Well as the subject line points out ... nothing better then "Success"

Some of you may recall that I reported a while back my 280sl was overheating in 30C (86 F) or around that range. Also in city stop and go traffic. Some of you may have seen when I went to Dan ... Benz Dr's place of business and we installed the new clutch fan among other things. One of those steps was replacing also the thermostat with a new one then Dan carefully checked the coolant strength. Dan used test strips to compare my coolant to a fresh batch and found that mine was rather weak.

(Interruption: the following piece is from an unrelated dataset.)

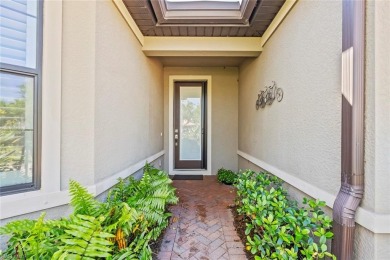 WATER and SUNRISE VIEW - Enjoy serene views of the lake from the on Panther Run Golf Club in Florida - for sale on GolfHomes.com, golf home, golf lot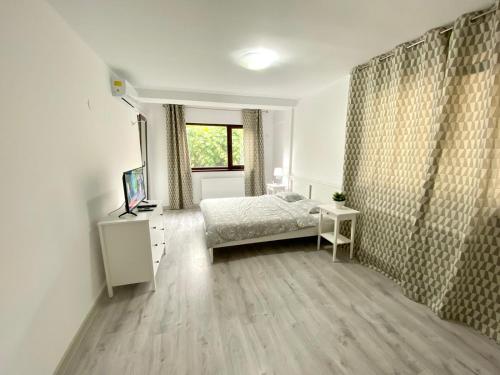 Postel nebo postele na pokoji v ubytování Morii Lake Apartaments & Studios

So we did 4 things to the cooling system a) new fan clutch, b) new coolant, c) new thermostat and d) added a bottle of Water Wetter to the new coolant batch.

Normally (back in my business life) I like to change one thing at a time when doing "Trouble Shooting" most of you do too I know. Anyway when we did all that the ambient temperature was in the low 20s and I was not sure yet if we did any good with all we changed. Well this past week we had a couple of hot days near 30 C ...

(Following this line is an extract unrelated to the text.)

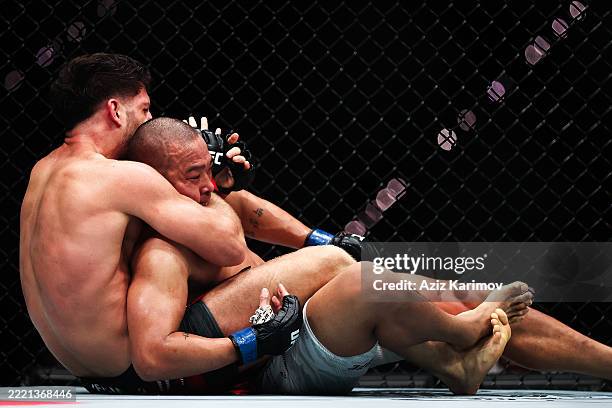 Ismail Naurdiev of Russia and JunYong Park of South Korea exchange punches in their middleweight fight during the UFC Fight Night event at Baku...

So it was time for a test run. I repeated the city stop and go runs in heavy city traffic I made before the changes a, b, c and d mentioned above my temperature now stays steady at just a shade over 180 F (my estimate would be 182 to 183 F).

I can now say we were successful in eliminating my overheating issue. If I ever make it to the Mohave Desert this might change I'm sure of it, when I was last there in a late model car it was 120 F at the lowest point (6 feet above sea level ~ if I had an egg at the time it would have fried very nicely on the pavement).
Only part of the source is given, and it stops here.